Каменный Кулак и охотница за Белой Смертью | страница 29
– С березы упал, – соврал Олькша.
– Прямо-таки с березы? Она что под тобой подломилась?
– Ано да, – поддержал детинушка догадку волховы: – Как есть, хлипкая оказалась. Вначале согнулась, а потом хрясь и заломилась…

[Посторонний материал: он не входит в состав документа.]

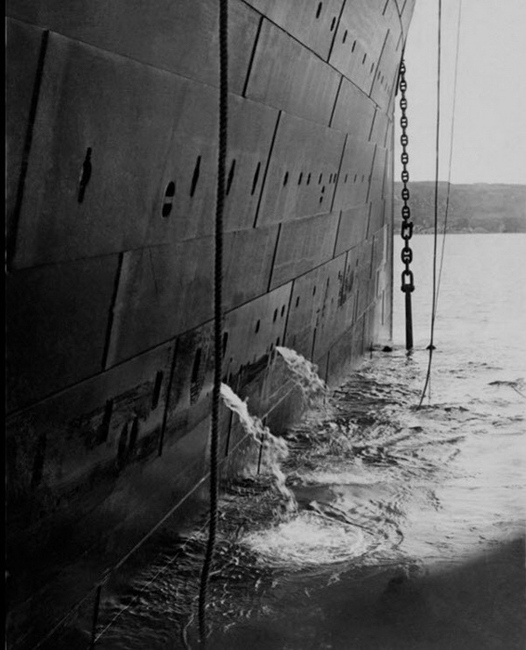 Браун сделал несколько фотографий «Титаника» до его крушения.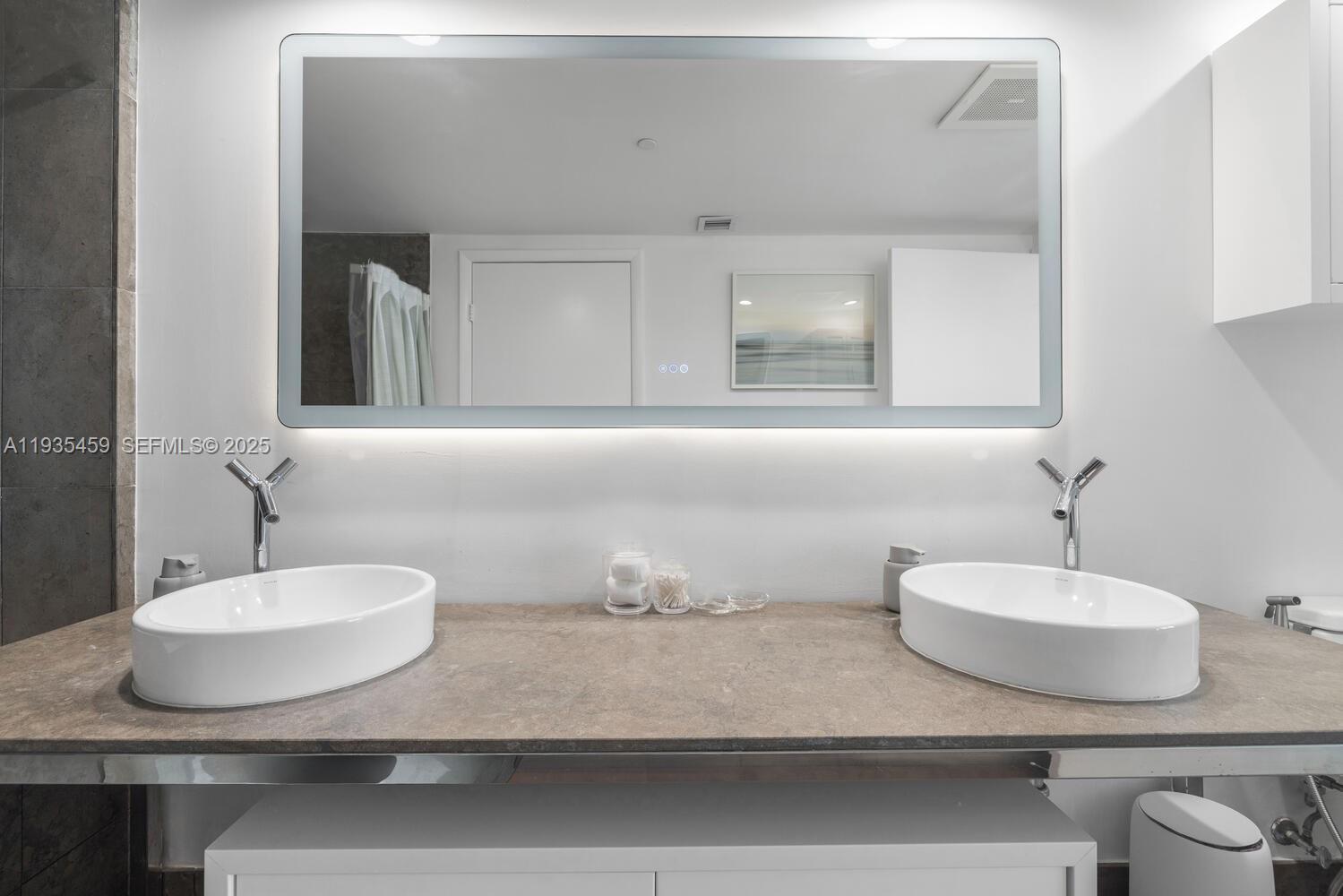 475 Brickell Ave #3314, Miami FL 33131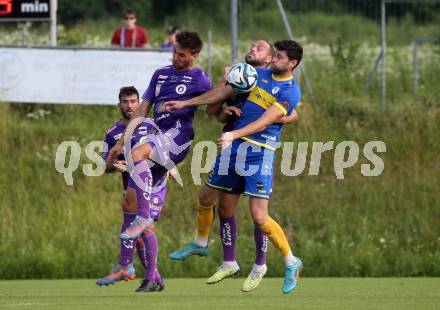 Fussball Bundesliga Testspiel. DSG/ATUS Ferlach gegen SK Austria Klagenfurt. Stephan Buergler, (Ferlach),   Thorsten Mahrer   (Austria KLagenfurt). Ferlach, am 30.6.2023.
Foto: Kuess



---
pressefotos, pressefotografie, kuess, qs, qspictures, sport, bild, bilder, bilddatenbank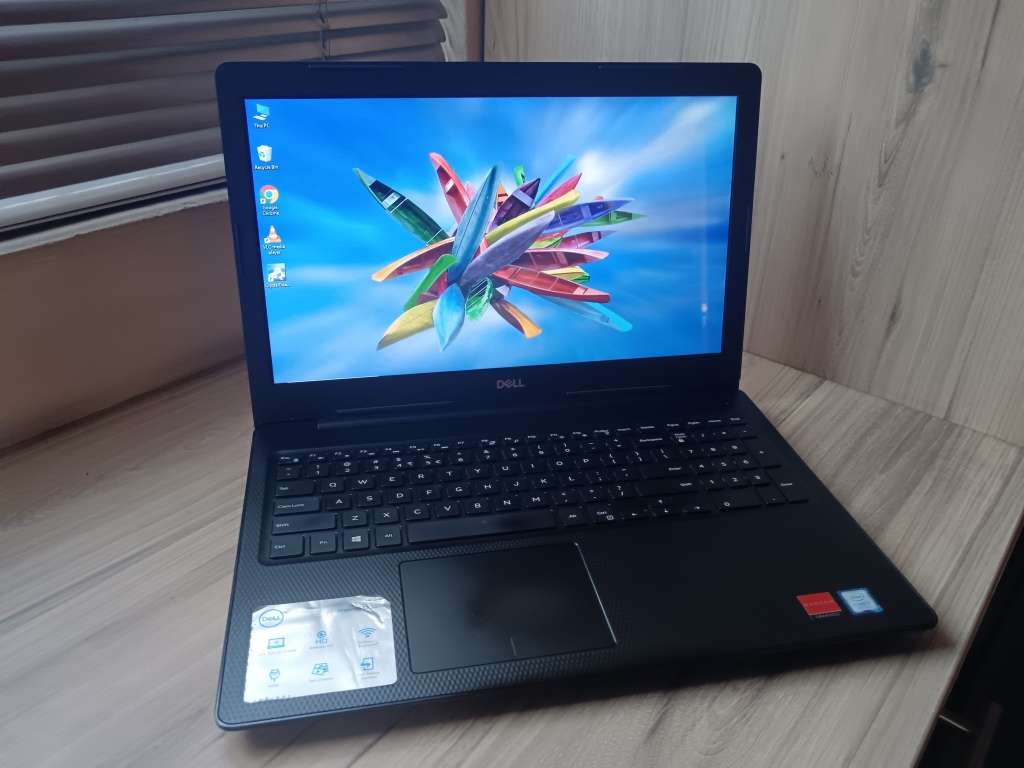 Laptops & Notebooks - Dell Inspiron 15 3580 Intel Core i7 + Free Laptop ...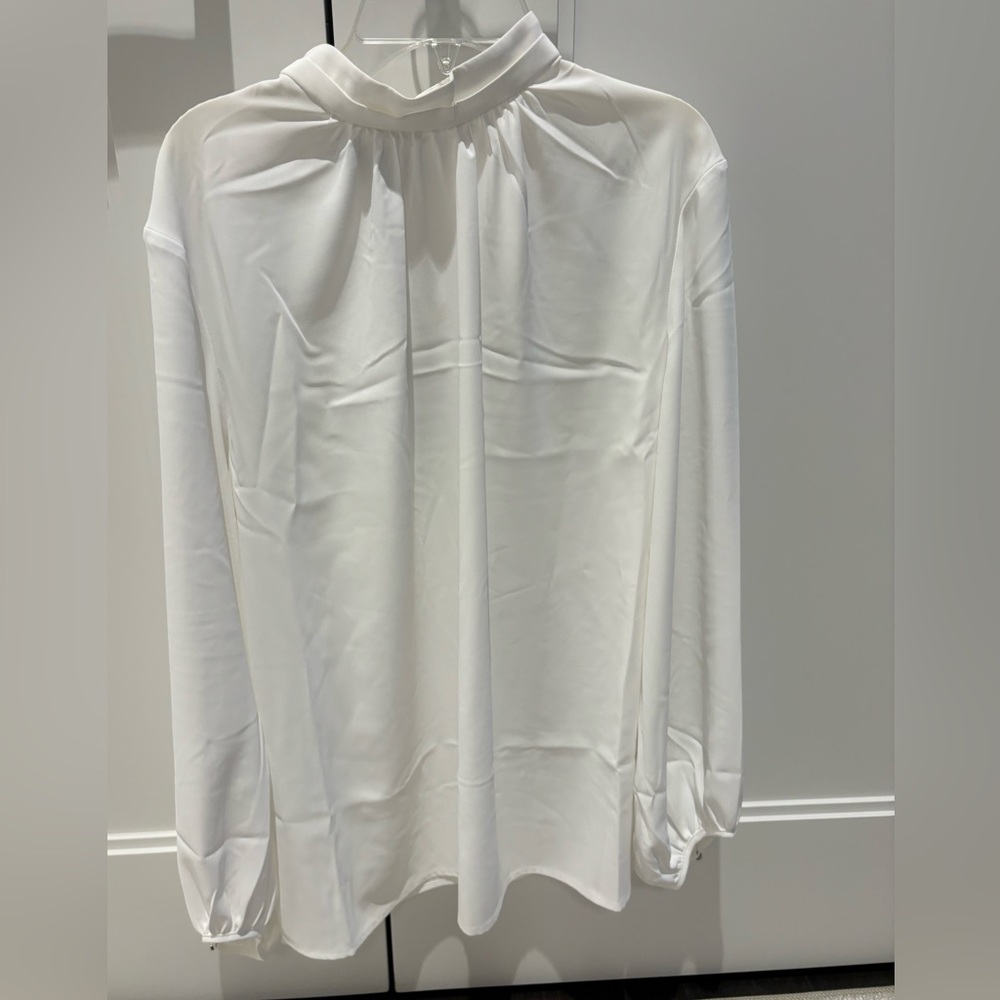 Misook NWT white long sleeve blouse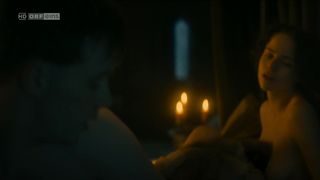 Lili Epply, Christa Theret - Maximilian. Das Spiel von Macht und Liebe s01e01 (2017) Hot film scenes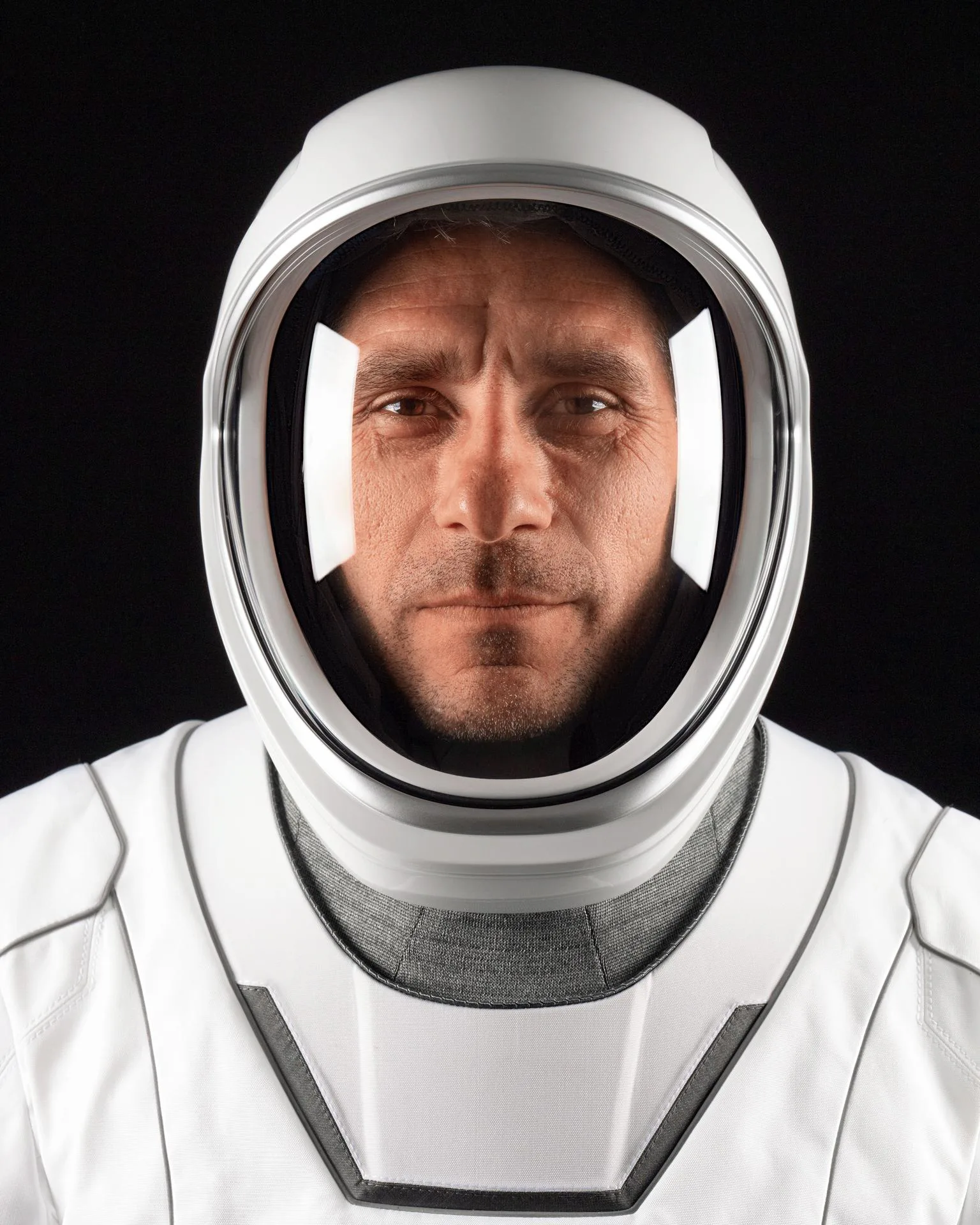 O astronauta da NASA Luke Delaney, piloto da missão Crew-13 da SpaceX para a NASA à Estação Espacial Internacional, posa para um retrato usando seu traje pressurizado na sede da SpaceX em Hawthorne, Califórnia.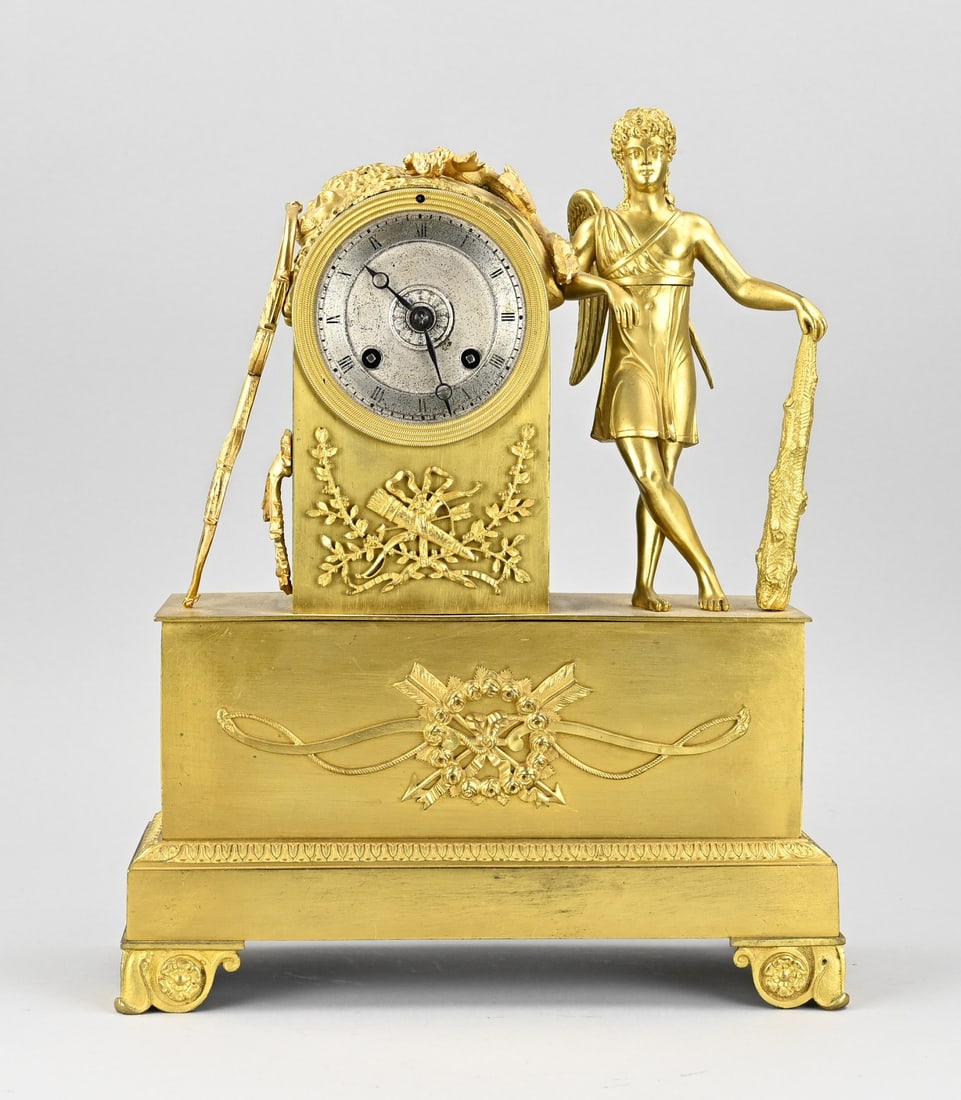 French Empire pendulum clock, 1820: Fire-gilded bronze Empire pendulum clock with Hermes. France. Circa 1820. Eight-day movement, half-hour strike, string pendulum. Dimensions: H 34 cm. In good condition.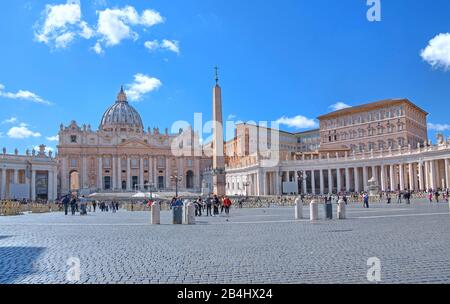 Fontaine de la place Saint-Pierre avec Obélisque de la Basilique Saint-Pierre et Palais du Vatican à, Vatican, Rome, Latium, Italie Banque D'Images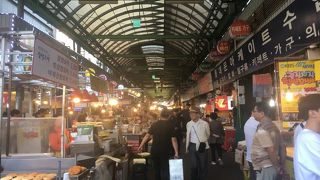 広蔵市場で美味しいユッケ♪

– Ну ты и о морену башкой…
– Ано, да! – почти обрадовался Олькша, за все это время так и не придумавший вразумительного объяснения своей немочи.
– А на березу-то ты зачем полез? – лукаво спросила Лада.
– Так прятался… – вновь «увяз» больной.
– Уж не от Бера ли чащобного туда полез? Кто еще такого удальца напугать сможет.
Расклад с медведем пришелся Олькше по вкусу, но он вовремя сообразил, что, поведя свой рассказ по этой тропинке, он неминуемо столкнется с противоречием. Если он забрался на березу, спасаясь от дикого зверя, и та под ним подломилась, то почему медведь его не помял? Тем более, что сверзся Олькша «башкой на морену» и впал в беспамятство.
– Не-е-ей, – насупился детина: – Это я так… Сам по себе… Игрались мы… в эти… в прятки…
Ай, слово не воробей. Сказав «прятки» Олькша и сам понял, что попался. В его-то возрасте играть в детские игры! Краска залила его мясистое лицо до самых ушей так, что веснушки поблекли.
Но Лада сделала вид, что поверила рассказу о березе и прятках. Она достала из сумы несколько пучков травы, развесила у немощного в изголовье, наказала пить отвар из каких-то корешков и ушла, бросив с порога многозначительный и лукавый взгляд.
Немочь держала Олькшу на полатях еще девять дней, но после засидевшаяся гостья нехотя удалилась.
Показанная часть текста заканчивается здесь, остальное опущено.